Mexican gas stations
Private companies as of last week can own and operate gas stations, as Mexico opens the gasoline retail sector to competition.
Options for investors include opening new outlets, and becoming partners of the operators of existing stations, most of whom are franchisees or lessees of Pemex, the state-owned company, which for 78 years had a monopoly on all aspects of Mexico’s oil business.
Mexico currently has around 12,000 gas stations.
In addition, gas station operators will as of June be able to import gasoline and diesel fuel, in addition to buying from Pemex.
United States-based Gulf Oil LP, the first foreign company to open non Pemex-branded gas stations, plans to have 100 outlets operating by the end of the year, both full-service and self-service.

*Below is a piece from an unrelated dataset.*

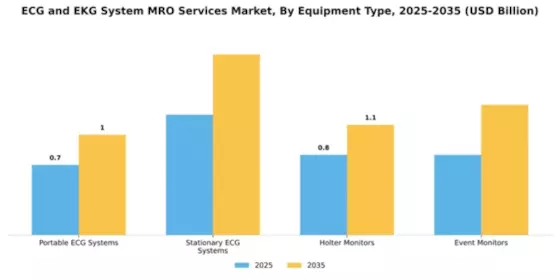 ECG and EKG System MRO Services Market Segment Image 2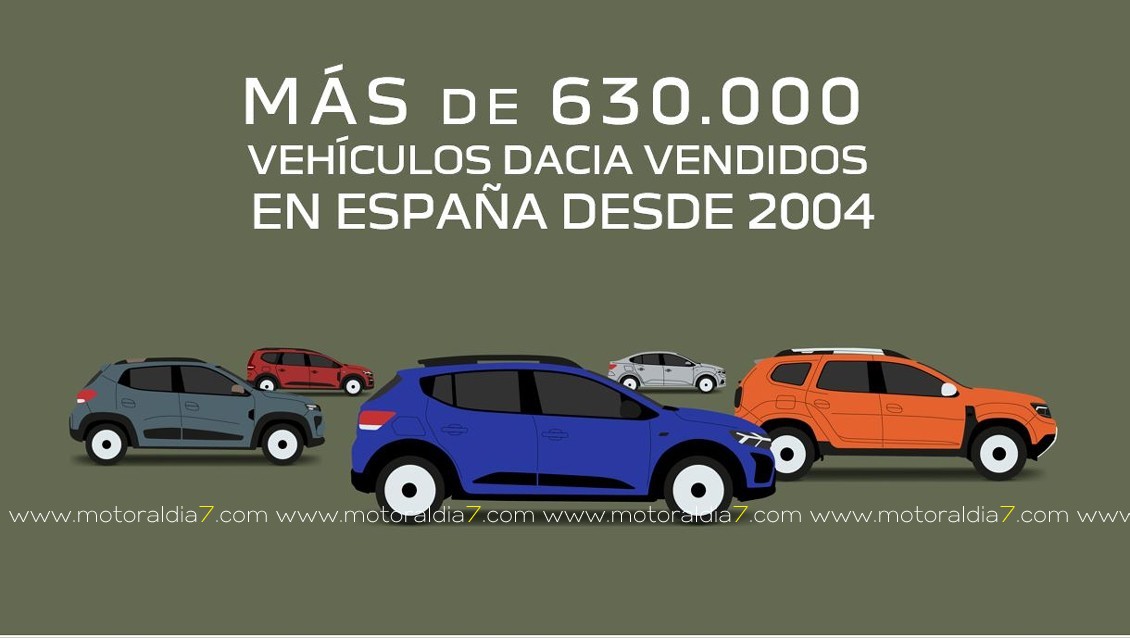 Dacia, 8 millones de clientes desde 2004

For its part, Mexico’s biggest Coca-Cola bottler plans to turn more than 200 Pemex outlets into OXXO stations, through arrangements with current operators.
Femsa-owned OXXO is Mexico’s biggest chain of mini supermarkets, with more than 13,000 locations, including convenience stores in many gas stations.
The rate of expansion of privately-owned chains of gas stations is likely to increase, with the expiration over time of existing contracts between operators and Pemex.
Environmental and local commercial approvals would be needed for any new outlet.
Mexico in 2014 approved sweeping reforms to the country’s oil-gas sector, including the right of private companies – national and foreign – to develop oil-gas resources.